Brazil’s Sítio Roberto Burle Marx has been selected as world heritage under the category cultural landscape by the United Nations Organization for Education, Science, and Culture (Unesco). This is the 23rd Brazilian location on the world heritage list. Located in Barra de Guaratiba, western Rio de Janeiro, the 407 thousand m³ forested space is home to a collection of more than 3.5 thousand tropical and subtropical plant species.
Brazil’s candidacy was considered during the 44th session of Unesco’s Heritage Committee, which started last Saturday (Jul. 24) and should last until July 31 in Fuzhou, China. Unesco’s grant was announced Tuesday (27).
On one of its social networking pages, the Sítio declared that the registration on the world heritage list means that these sites, so special for Brazil, also hold “exceptional universal value” for humankind. “The World Heritage is crucial for the memory, identity and creativity of the people and the wealth of cultures, as it seeks to promote the identification, protection, and preservation of the cultural and natural heritage of the whole planet.”
The Sítio is a special unit of Brazil’s National Institute of Historic and Artistic Heritage (IPHAN), an autonomous federal agency linked to the Special Secretariat for Culture and the Ministry of Tourism. In the opinion of Claudia Storino, the Sítio’s director, the place itself is a work of art, where landscapes are the main highlight keeping all its elements connected and providing them with their powerful personality.
“The Sítio’s garden areas materialize both the landscape principles of Burle Marx’s work and the processes of analysis, cultivation, and experimentation that boosted the creation of the modern tropical landscaping,” Storino declared in a note.
For IPHAN President Larissa Peixoto, the title makes Brazil, IPHAN, and the Brazilian people proud. “The recognition builds a commitment to cherish exceptional values that make this place important to all humanity. We have the mission to preserve this space of learning and of the promotion of knowledge about nature, landscaping, art, and botany for future generations,” she said.

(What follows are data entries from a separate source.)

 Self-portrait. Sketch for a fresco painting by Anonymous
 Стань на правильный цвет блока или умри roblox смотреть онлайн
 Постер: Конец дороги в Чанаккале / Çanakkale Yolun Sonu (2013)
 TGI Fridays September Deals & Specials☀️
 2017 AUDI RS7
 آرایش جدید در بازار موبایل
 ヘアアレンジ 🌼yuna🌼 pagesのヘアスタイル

The old Sítio Santo Antônio da Bica, a ranch acquired in 1949 by Roberto Burle Marx and his brother Guilherme Siegfried, gave rise to the present-day Sítio Burle Marx. The location features lush mangrove, restinga, and Atlantic Forest vegetation, preserved by the Pedra Branca State Park. Later on, the brothers purchased other properties that were annexed to the Sítio.
The area underwent interventions before it was transformed into the laboratory planned by Burle Marx. In 1985, the landscape architect donated the place to the federal government, to ensure the continuity of studies, the dissemination of acquired knowledge, and the sharing of the space with society. IPHAN took over the management of the Sítio in 1994, after Burle Marx’s death.

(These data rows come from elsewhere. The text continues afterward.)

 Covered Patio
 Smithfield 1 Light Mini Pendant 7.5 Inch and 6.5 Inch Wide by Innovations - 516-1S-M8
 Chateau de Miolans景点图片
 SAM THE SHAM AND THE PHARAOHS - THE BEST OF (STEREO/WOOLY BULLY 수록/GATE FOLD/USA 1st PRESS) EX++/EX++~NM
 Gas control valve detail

Gardens, plant nurseries, seven buildings, and six lakes make up the site, which also offers the public a museum archive of over 3 thousand items, including collections of Cusco, pre-Colombian, and Brazilian religious and popular art, in addition to works by Burle Marx himself.
To vie for the Unesco’s world heritage title, the Sítio was subject to a re-qualification process that started in October 2018 and was concluded in February this year. By means of the Cultural Incentive Law, Brazil’s National Economic and Social Development Bank (BNDES) has invested approximately R$ 5.4 million in local interventions, aiming to enhance visiting areas, implement accessibility, expand public access, and optimize research efforts.
Known worldwide as one of the main landscaping names in the 20th century, Roberto Burle Marx was also a visual artist, a painter, a sculptor, a jewelry artist, a costume and set designer, a potter, and a tapestry weaver.
Born in São Paulo, he was raised in Rio de Janeiro, where he died on June 4, 1994. Having devised thousands of projects scattered across the world, Burle Marx conceived major landscapes, like the gardens in the Complexo da Pampulha, in 1942; the garden at the Museu de Arte Moderna do Rio de Janeiro, in 1954; the landscaping at the Aterro do Flamengo, in 1961; the gardens at the Unesco headquarters in Paris; and the famous patterns of the Copacabana promenade, in 1970; among others.
Burle Marx introduced modern landscaping in Brazil and was one of the first landscaping architects to use native Brazilian plants in their projects. Being one of the pioneering environmentalists to advocate for the conservation of tropical forests in Brazil, he organized a range of expeditions and excursions through Brazilian biomes, where he discovered over 30 new plant species which were later on named after him.
Burle Marx lived in the Sítio from 1973 through 1994, and gathered plants from a number of locations the world over, some threatened with extinction.